# DocSumo MCP for AI Agents MCP

> DocSumo equips your AI agent to handle complex document data extraction. It automates processing for invoices, bank statements, and ID cards, giving you structured results right out of the box. Use it to manage end-to-end Intelligent Document Processing (IDP) workflows and audit every file processed.

## Overview
- **Category:** artificial-intelligence
- **Price:** Free
- **Tags:** intelligent-document-processing, data-extraction, idp, invoice-processing, automated-pipelines, data-audit

## Description

DocSumo connects advanced document intelligence directly into your AI workflow. You can now automate pulling complex data from invoices, bank statements, or even government ID cards. Instead of manually reviewing files, your agent handles the heavy lifting, structuring messy information for you to use immediately.

If your job involves processing high volumes of varied documents, this MCP lets you manage everything from start to finish.
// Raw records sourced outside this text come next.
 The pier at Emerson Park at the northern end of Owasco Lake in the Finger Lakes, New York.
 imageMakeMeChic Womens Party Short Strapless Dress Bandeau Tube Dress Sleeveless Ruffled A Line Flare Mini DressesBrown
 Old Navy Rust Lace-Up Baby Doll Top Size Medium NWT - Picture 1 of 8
You can monitor entire document pipelines, see exactly which fields were extracted, and even check a record's confidence score if it needs human eyes. Finding the right connection point used to be tough, but Vinkius makes it easy; you connect once to access DocSumo’s full suite of features directly through your preferred AI client.
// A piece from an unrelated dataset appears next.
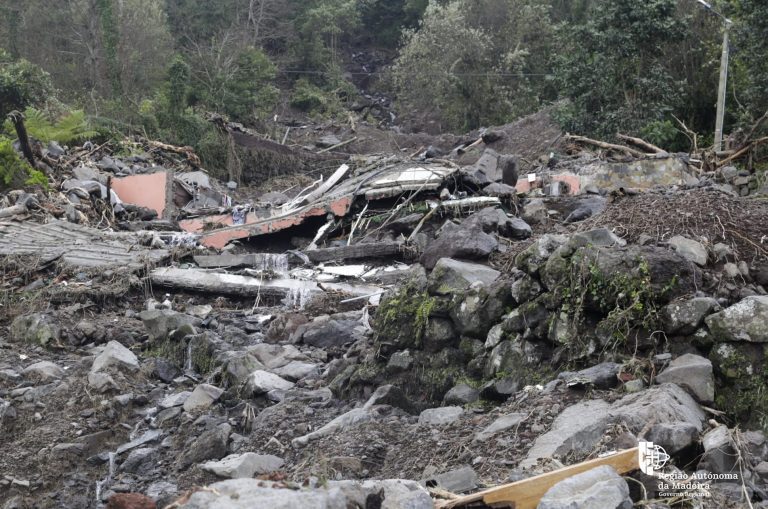 Floods and landslide damages in Madeira, Portugal, after a storm on 25 December 2020.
This means finance teams can pull invoice details instantly for bookkeeping, compliance officers can audit IDs and bank statements for verification status, and operations leads can keep a real-time pulse on the entire document processing health.

## Tools

### get_docsumo_account_metadata
Retrieves usage limits and general status information for your DocSumo account.

### list_failed_doc_extractions
Finds a list of documents that could not be processed by the system.

### get_document_extraction_data
Pulls the structured data points extracted from one specific document you name.

### quick_idp_health_audit
Provides a fast, high-level summary of how well your entire document processing pipeline is running.

### list_successfully_parsed_docs
Gives you a list of all documents that finished the process and passed verification checks.

### list_docsumo_document_types
Lists every document format (like invoices or bank statements) that is currently configured in DocSumo.

### list_processed_documents
Shows a list of all documents processed by the system, which you can filter by type.

### list_latest_extraction_results
Identifies and lists the most recently processed document results across all categories.

### list_documents_awaiting_review
Finds documents that need human eyes because the AI wasn't confident enough with the data.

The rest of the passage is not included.